Perhaps LoWPANNDInterface should take care of this - default to turning on MPL unless configured otherwise.
@mikter @karsev Example of how to join a multicast group in Mbed OS
my_socket = new UDPSocket(network_if);
my_socket->setsockopt(SOCKET_IPPROTO_IPV6, SOCKET_IPV6_MULTICAST_HOPS, &multicast_hops, sizeof(multicast_hops));
ns_ipv6_mreq_t mreq;
memcpy(mreq.ipv6mr_multiaddr, multi_cast_addr, 16);
mreq.ipv6mr_interface = 0:
socket_setsockopt(my_socket, SOCKET_IPPROTO_IPV6, SOCKET_IPV6_JOIN_GROUP, mreq, sizeof mreq);
No who takes this into the backlog? To my understanding, the 6LoWPAN-ND probably does not enable MPL by default, it should be enabled to get same effect when using either Thread/6LoWPAN
If looking to choose a group ID, for site-local the form ff15::Xxxx:xxxx
would be appropriate - the "1" at the start indicates "made-up", as does bit 31 being set. Have the bottom 31 bits be random.

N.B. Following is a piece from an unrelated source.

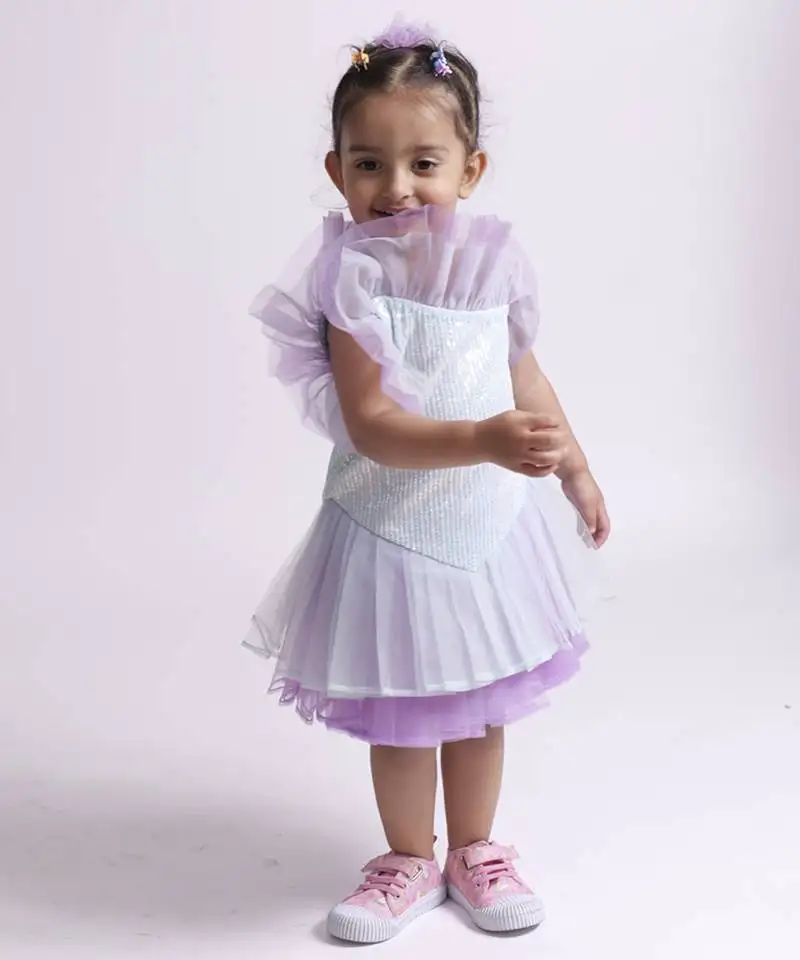 Purple plain satin unicorn dress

Here's one I've chosen for you: ff15::810a:64d1
. (You could also use the same group ID in any scope, if you want).
I found the default address (ff03::1) is not for multicast. but the address (ff02::1) works well for multicast. When making a socket with ff03::1, message could be sent for each button press, but no message could be received on the board sent the message, neither other boards connected locally. Once I changed the address to ff02::1, the board sending message and other local boards can receive the message to turn on/off LED. my test environment :
boarder router: K64F with Atmel RF233 (2.4G)
LOWPAN_ROUTER: NUCLEO_F401RE with Atmel RF233 (2.4G) x 2
6LoWPAN-ND, with no Thread
Since LED cannot be used on this board, there is a pin collision D13 between LED and SPI_SCK, I removed led on/off operation but kept LED turn on/off print.
tested on following 2 boarder router firmware versions. ff03::1 doesn't work on both conditions, but ff02::1 works well on both of them.
I had made a fix PR.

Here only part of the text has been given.